# Impact of reproductive health restrictions on women's mental health

> **NIH NIH R01** · UNIVERSITY OF MICHIGAN AT ANN ARBOR · 2024 · $741,819

## Abstract

Suicide represents a leading cause of maternal morbidity, with up to one in five maternal deaths in the United
States resulting from suicide or overdose. Suicidal ideation and self-harm (suicidality) in the peripartum period
are nearly 30 times more common than suicide death, and suicidality has steadily increased in the US. Perinatal
mood and anxiety disorders (PMAD) affects at least one in five birthing individuals and often underlie suicidal
behaviors.

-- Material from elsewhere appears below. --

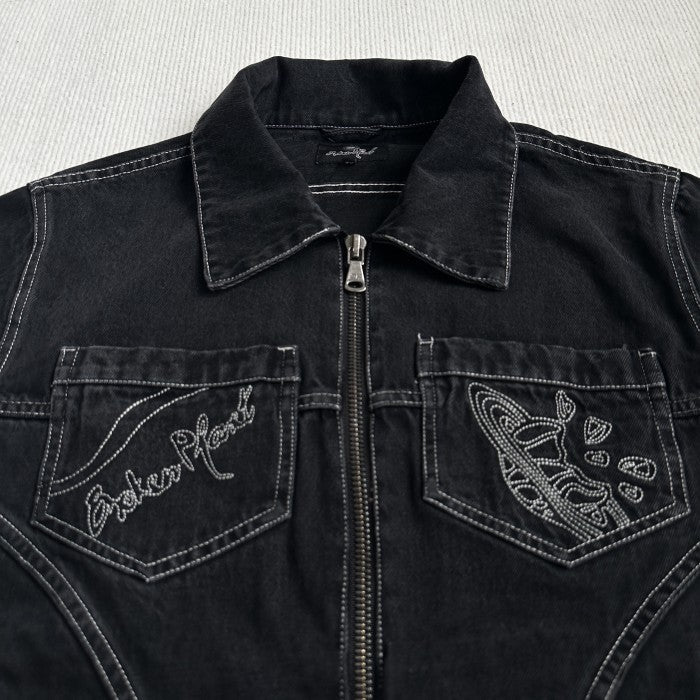 Broken Planet Denim Jacket - Washed Black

Although mental health (MH) conditions predispose individuals for suicidality, environmental
influences, including health or economic stressors, may precipitate suicidal behavior. For instance, among
delivering women, an unintended or unwanted pregnancy represents a strong risk factor for both PMAD and
suicidal behavior. Macro-level stressors, such as restrictive state policies on marriage, divorce and reproductive
health services also increase suicide rates. But it remains unknown how state policies impact PMAD and MH
related maternal morbidity specifically. Restricted access to reproductive health services will disproportionately
affect subgroups of delivering individuals (low-income, geographically remote, or racial/ethnic groups) who are
already at risk for PMAD and its consequences because they are less able to overcome barriers. Consequently,
these policies may exacerbate existing disparities in maternal MH outcomes. The overarching goal of our
work seeks to characterize the consequences of restricting reproductive health service access on population
health. In this proposal, we will leverage the natural experiment created by the enactment of reproductive health
service restrictions on maternal health outcomes. We will assess the relationship between state policies and
PMAD rates (Aim 1), maternal morbidity (suicidality) (Aim 2), and mental health service utilization (Aim 3). We
will examine these relationships among Medicaid and commercially insured women within and across states with
and without state policies that restrict access to reproductive health services. This study directly responds to
NIMH High-Priority Areas for Research on Women’s Mental Health during the Perinatal Period (NOT-MH-
21-270), namely: research on perinatal depression and suicidal ideation and behaviors; research on perinatal
MH disorders in relation to engagement in medical care and clinical outcomes; research that identifies mutable
factors that impact utilization and outcomes, including disparities, which may serve as targets in future perinatal
MH care service delivery intervention development. It also addresses the Implementing a Maternal health and
PRegnancy Outcomes Vision for Everyone (IMPROVE) initiative, which supports research on reducing
preventable causes of maternal deaths and improving health before, during, and after delivery.

## Key facts

- **NIH application ID:** 10798721
- **Project number:** 1R01MH132937-01A1
- **Recipient organization:** UNIVERSITY OF MICHIGAN AT ANN ARBOR
- **Principal Investigator:** VANESSA K. DALTON
- **Activity code:** R01 (R01, R21, SBIR, etc.)
- **Funding institute:** NIH
- **Fiscal year:** 2024
- **Award amount:** $741,819
- **Award type:** 1
- **Project period:** 2024-03-01 → 2028-02-28

## Primary source

NIH RePORTER: https://reporter.nih.gov/project-details/10798721

## Citation

> US National Institutes of Health, RePORTER application 10798721, Impact of reproductive health restrictions on women's mental health (1R01MH132937-01A1). Retrieved via AI Analytics 2026-06-01 from https://api.ai-analytics.org/grant/nih/10798721. Licensed CC0.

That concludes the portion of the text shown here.